The most common approach is the comparison of homologous sequences for genes using sequence alignment techniques to identify similarity. Another application of molecular phylogeny is in DNA barcoding, wherein the species of an individual organism is identified using small sections of mitochondrial DNA or chloroplast DNA. Another application of the techniques that make this possible can be seen in the very limited field of human genetics, such as the ever-more-popular use of genetic testing to determine a child's paternity, as well as the emergence of a new branch of criminal forensics focused on evidence known as genetic fingerprinting.
Limitations[edit]
Molecular systematics is an essentially cladistic approach: it assumes that classification must correspond to phylogenetic descent, and that all valid taxa must be monophyletic. This is a limitation when attempting to determine the optimal tree(s), which often involves bisecting and reconnecting portions of the phylogenetic tree(s).

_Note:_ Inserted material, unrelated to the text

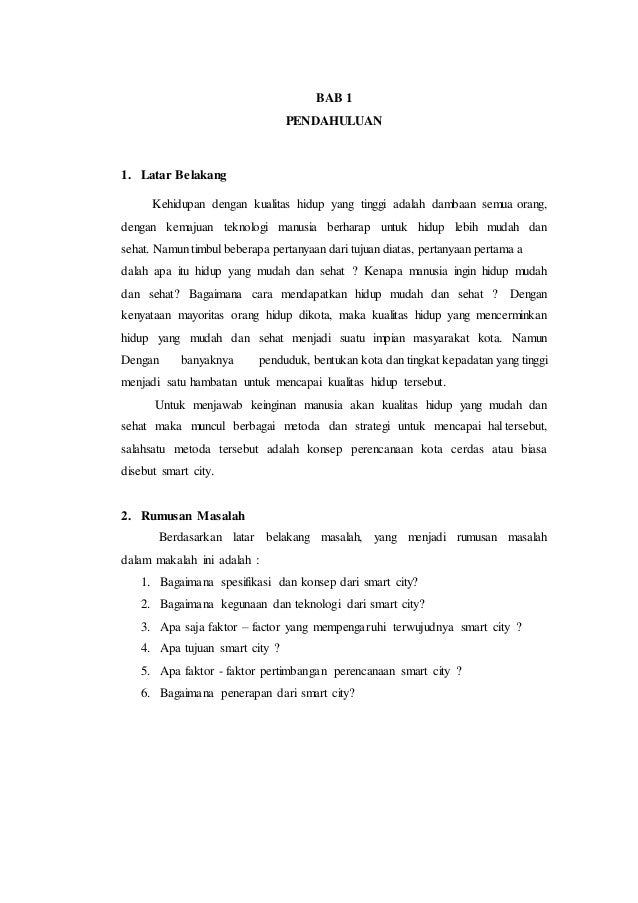 Makalah Smart City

The recent discovery of extensive horizontal gene transfer among organisms provides a significant complication to molecular systematics, indicating that different genes within the same organism can have different phylogenies. HGTs can be detected and excluded using a number of phylogenetic methods (see Inferring horizontal gene transfer § Explicit phylogenetic methods).
In addition, molecular phylogenies are sensitive to the assumptions and models that go into making them. Firstly, sequences must be aligned; then, issues such as long-branch attraction, saturation, and taxon sampling problems must be addressed. This means that strikingly different results can be obtained by applying different models to the same dataset.[14][15] The tree-building method also brings with it specific assumptions about tree topology, evolution speeds, and sampling. The simplistic UPGMA assumes a rooted tree and a uniform molecular clock, both of which can be incorrect.[13]